Discussant & Moderator: 
WANG Yizhou (Research Assistant Professor, Hong Kong Baptist University)

Moderator:
WANG Lianming (Associate Professor, City University of Hong Kong)

Registration
Registration is required for online/onsite participation. Please complete the online registration form

Registration

All are welcome! 


Lecture Abstracts

Micro-art-histories and Social Perceptions of Disability in Early Modern Europe by Dr. Angelo Lo Conte 
The paper retraces micro-art-histories that foster the investigation of social perceptions of sensory disability in early modern Europe. By looking at early modern biographical accounts, archival documents, works of art, and contemporary poetry, it challenges the stereotype that presents people with deafness as outcasts and emphasizes that the consideration of intersectional factors was essential to how early modern people responded to impairment. The paper recognizes the presence of deaf artists in the history art, presenting their artworks, notebooks, and documents pertaining to their life to describe how they asserted their own profession, identity, and citizenship through art practice. 

Speaker Biography
Angelo LO CONTE is Associate Professor and Associate Director (Research) at the Academy of Visual Arts, School of Creative Arts, Hong Kong Baptist University. He is the author of several studies on various aspects of Renaissance and Early Modern Art, including A Visual Testament by Luca Riva: a Deaf Pupil of the Procaccini, winner of the 2023 Renaissance Studies Article Prize, The Procaccini and the Business of Painting in Early Modern Milan (Routledge, 2021); and articles in Zeitschrift für Kunstgeschichte, Renaissance Studies, Source, Italian Studies and the Journal of the History of Collections. He is a recipient of the Haskell Prize (Burlington Magazine) and of the 2022 RSA-Samuel H. Kress Fellowship in Renaissance Art History. 
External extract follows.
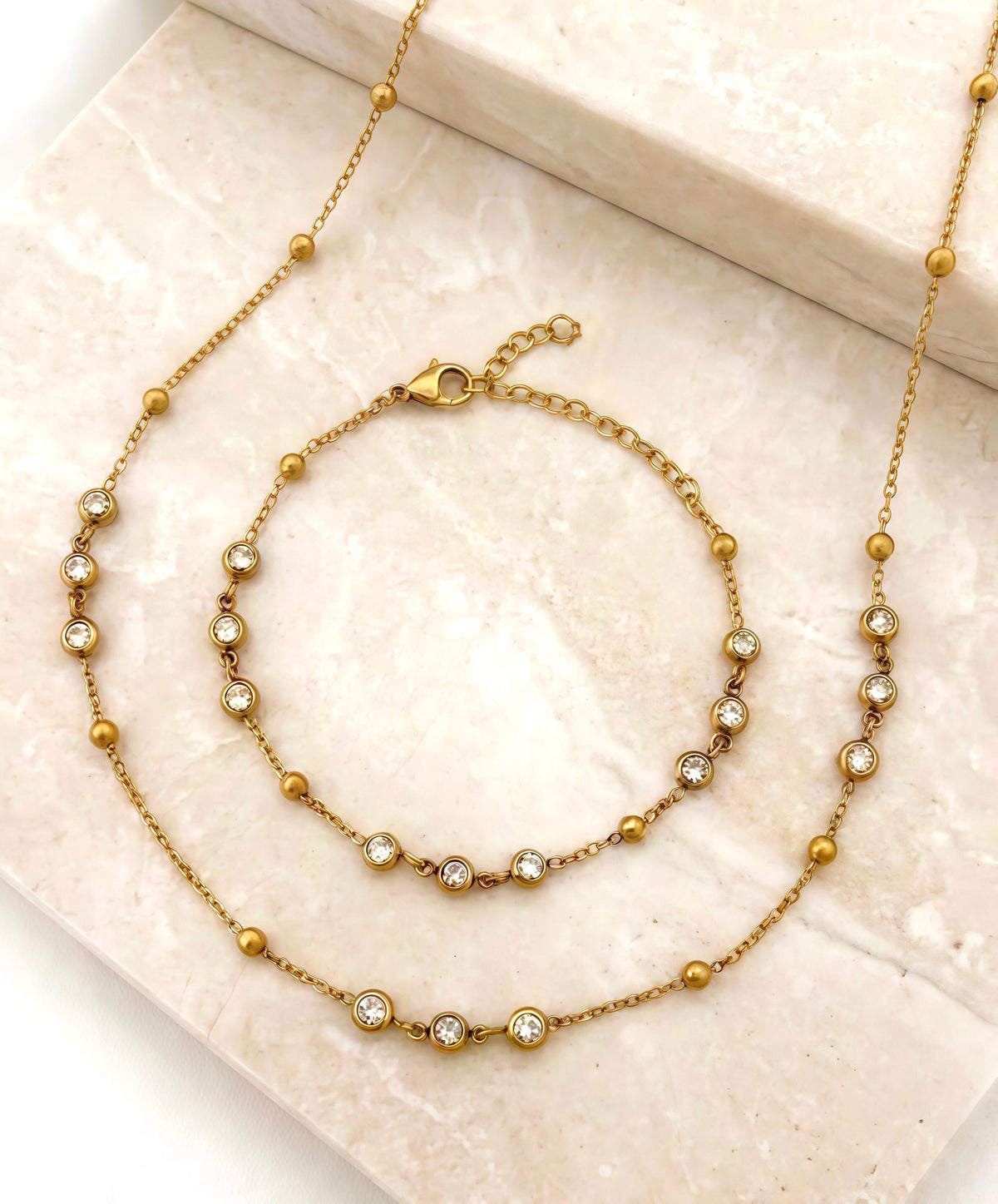 Elegant Inlaid Zircon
The Creation of Disability Art and Aesthetics in Eighteenth-Century Yangzhou” by Dr. Yun-chen LU

The Yangzhou School, also known as the Eight Eccentrics of Yangzhou, was a group of artists who were active in eighteenth-century Yangzhou and gained renown for moving beyond the orthodox literati style in favor of their own aesthetic choices. Several of them had physical disabilities. My research centers on these artists and how they developed a new disability art and aesthetics that were favored by local art patrons. Among these artists, Gao Fenghan (1683–1749) first earned fame because of his left-handed style, which he developed after the paralysis of his right hand in 1737. This talk focuses on Gao Fenghan’s formation as an artist with a disability and the creation of his left-handed style, which has “raw, obstinate, rough, and awkward” qualities that he valued. I investigate Gao’s artistic developments before and after his disability, how disability is part of his own narratives when discussing his works, and how his art was received and gained success in the Yangzhou art market. This research considers an older tradition and history of appreciating different bodies and abilities in China. More specifically, it offers a new understanding of disability aesthetics rooted in Chinese culture, history, and philosophy. 

Speaker Biography
Yun-chen LU is Assistant Professor of History of Art and Architecture at DePaul University, Chicago. She specializes in East Asian art history, particularly Chinese painting and calligraphy, visual and material culture, artists with disabilities, disability aesthetics, and East Asian interregional art history. Her current research project investigates the relationship between artists with disabilities and the trend of artistic eccentricity in eighteenth-century Yangzhou, and the development of disability art and aesthetics in premodern China.